Politik Die AfD im Nacken

Auf dem Landesparteitag der sächsischen CDU in Löbau soll der langjährige Generalsekretär Michael Kretschmer morgen den scheidenden Landesvorsitzenden Stanislaw Tillich beerben. Dieser tritt zurück wegen der hohen Verluste der CDU bei der Bundestagswahl, als die AfD stärkste Kraft in Sachsen wurde.

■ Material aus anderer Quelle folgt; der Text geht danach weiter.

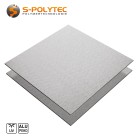 Alu-verbundplatten 3mm (Alu-dibond) in Edelstahl-Optik auf Maß kaufen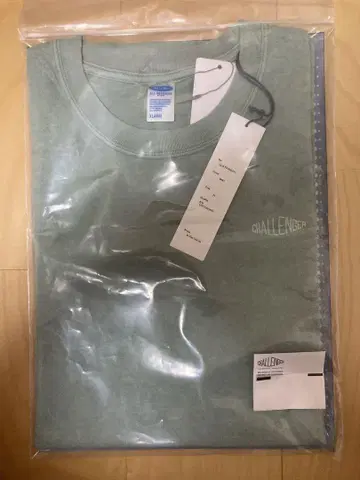 챌린저 PIGMENT LOGO TEE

Den Neustart hat sich Kretschmer gewiss anders vorgestellt. Kaum hatte ihn Tillich als „die neue und frische Kraft“ der Sachsen-Union auf den Schild gehoben, da gab es für den 42-Jährigen eine unangenehme Nachricht: Siemens will in Deutschland zwei große Standorte schließen, beide in Sachsen. Neben Leipzig ist auch das Werk in Kretschmers Heimatstadt Görlitz betroffen, es geht um fast 1000 Arbeitsplätze, die Jobs in den Zulieferbetrieben nicht mitgerechnet. Für die östlichste Stadt Deutschlands in der strukturschwachen Region ist dies eine weitere Hiobsbotschaft. Sie bestärkt die 56.000 Einwohner in dem Gefühl, abgehängt und benachteiligt zu sein. Kretschmer hat bei der Bundestagswahl erlebt, wie Stimmung sich in Stimmen ausdrückt: Nach 15 Jahren im Bundestag verlor der sächsische CDU-Generalsekretär sein Direktmandat an einen bis dahin nahezu unbekannten Malermeister von der AfD. Noch 2013 hatte er hier satte 49,6 Prozent geholt – und vier Jahre später siegesgewiss auf einen Platz auf der CDU-Landesliste verzichtet. Ministerpräsident Tillich gab im September nach neun Jahren auf, weil die AfD im Freistaat mit 27 Prozent knapp stärkste Partei wurde. Besser schnitten die Rechtspopulisten in keinem anderen Bundesland ab. In Kretschmers Wahlkreis erzielten sie sogar 32,9 Prozent, in manchen Dörfern an der Neiße über 40 Prozent. Seit 27 Jahren regiert die Union den Freistaat. Sachsen ist Deutschlands Musterknabe in Sachen solider Haushaltsführung. Die Staatsregierung ignorierte aber die Sorgen und Bedürfnisse der Menschen, investierte in großem Stil nur in die drei großen Städte Dresden, Leipzig und Chemnitz. „Wir werden neue Wege gehen“, versprach Kretschmer jetzt bei seiner Vorstellungstour durch die CDU-Kreisverbände. Kretschmer ist ein Hoffnungsträger – jung und zugleich erfahren in der Politik. Der Diplom-Wirtschaftsingenieur, der am kommenden Mittwoch auch zum sächsischen Ministerpräsidenten gewählt werden soll, hat für Reformen aber nicht viel Zeit. Im Sommer 2019 steht die nächste Landtagswahl an.